----- Given entries -----

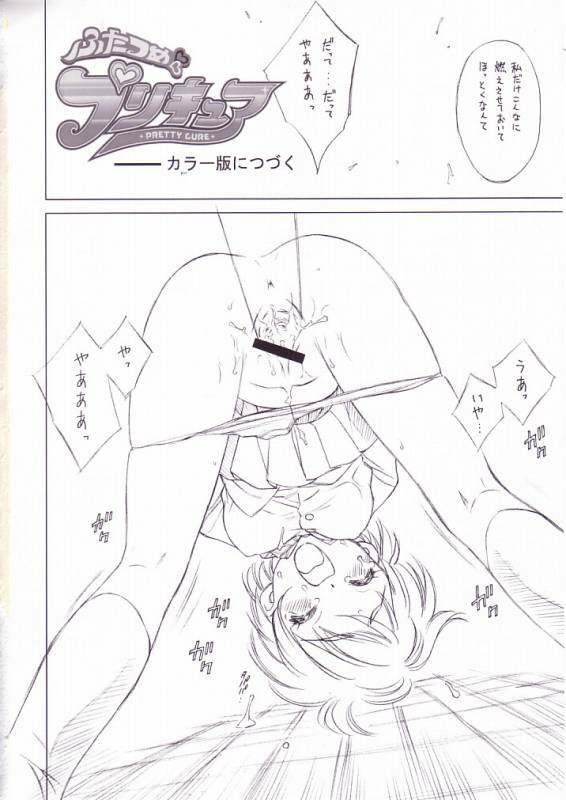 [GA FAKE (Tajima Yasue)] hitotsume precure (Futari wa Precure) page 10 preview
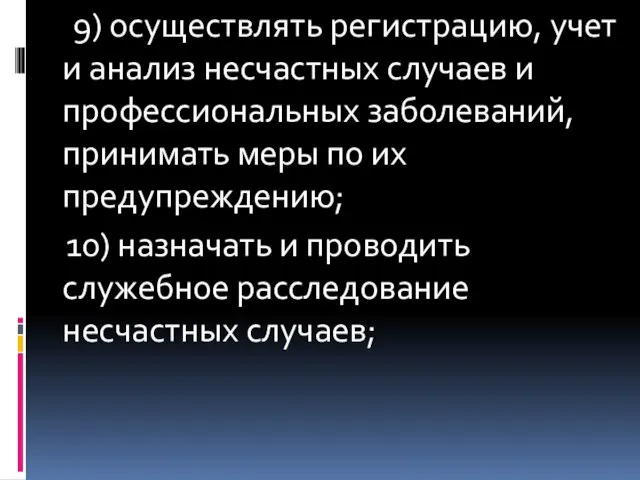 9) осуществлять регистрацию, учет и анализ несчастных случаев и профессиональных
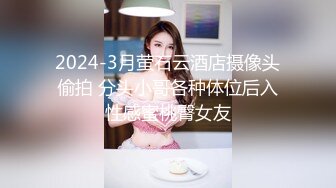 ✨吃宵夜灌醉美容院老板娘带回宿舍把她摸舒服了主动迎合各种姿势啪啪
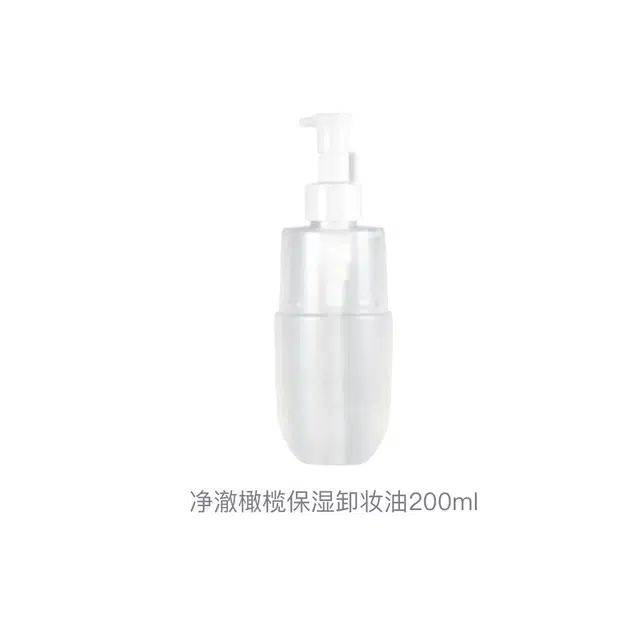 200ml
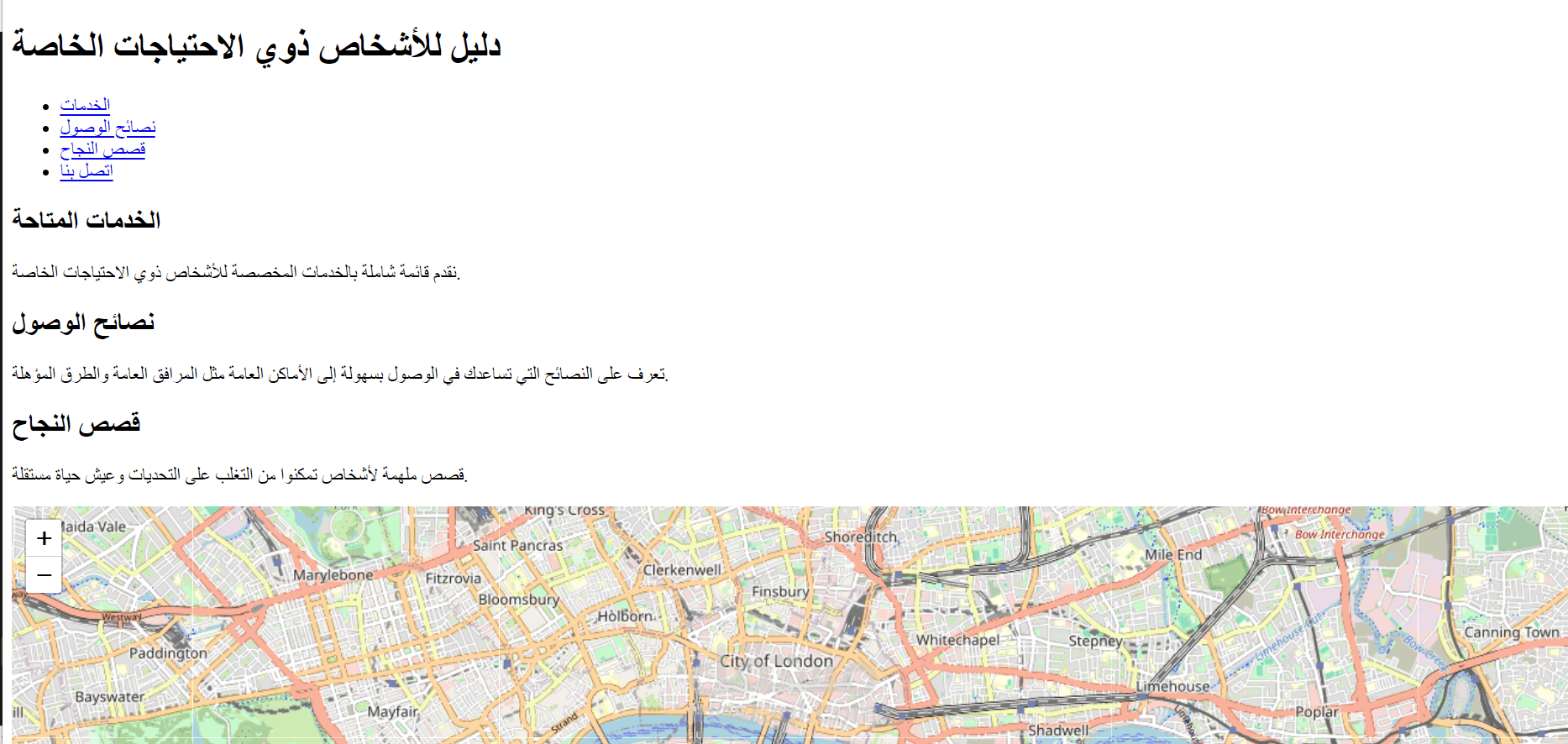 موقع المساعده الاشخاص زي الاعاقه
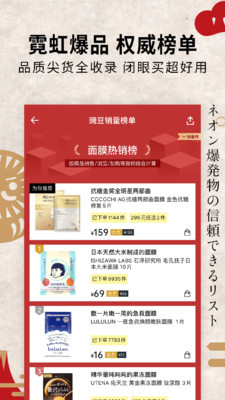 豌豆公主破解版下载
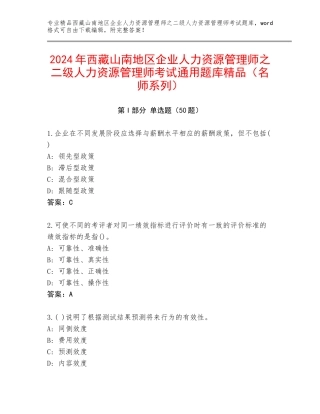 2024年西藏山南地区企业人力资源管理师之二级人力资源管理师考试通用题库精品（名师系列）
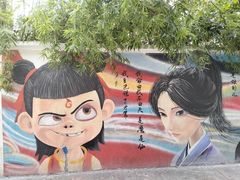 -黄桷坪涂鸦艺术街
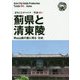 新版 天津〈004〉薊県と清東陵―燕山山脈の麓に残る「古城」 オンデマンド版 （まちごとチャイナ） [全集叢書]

-----
----- Given entries -----

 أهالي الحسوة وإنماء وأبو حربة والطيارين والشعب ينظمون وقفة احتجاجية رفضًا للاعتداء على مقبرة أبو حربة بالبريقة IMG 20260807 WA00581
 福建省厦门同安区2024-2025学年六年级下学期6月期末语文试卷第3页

-----
----- Given entries -----

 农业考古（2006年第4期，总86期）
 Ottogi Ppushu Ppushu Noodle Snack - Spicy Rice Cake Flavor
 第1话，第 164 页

-----

**Required work**.
Take the material above from the line bearing "موقع المساعده الاشخاص زي الاعاقه" through the line bearing "新版 天津〈004〉薊県と清東陵―燕山山脈の麓に残る「古城」 オンデマンド版" and write it out exactly, both end lines included. Pictures stay out.

**Result of the task**.
 موقع المساعده الاشخاص زي الاعاقه
 豌豆公主破解版下载
 2024年西藏山南地区企业人力资源管理师之二级人力资源管理师考试通用题库精品（名师系列）
 -黄桷坪涂鸦艺术街
 新版 天津〈004〉薊県と清東陵―燕山山脈の麓に残る「古城」 オンデマンド版 （まちごとチャイナ） [全集叢書]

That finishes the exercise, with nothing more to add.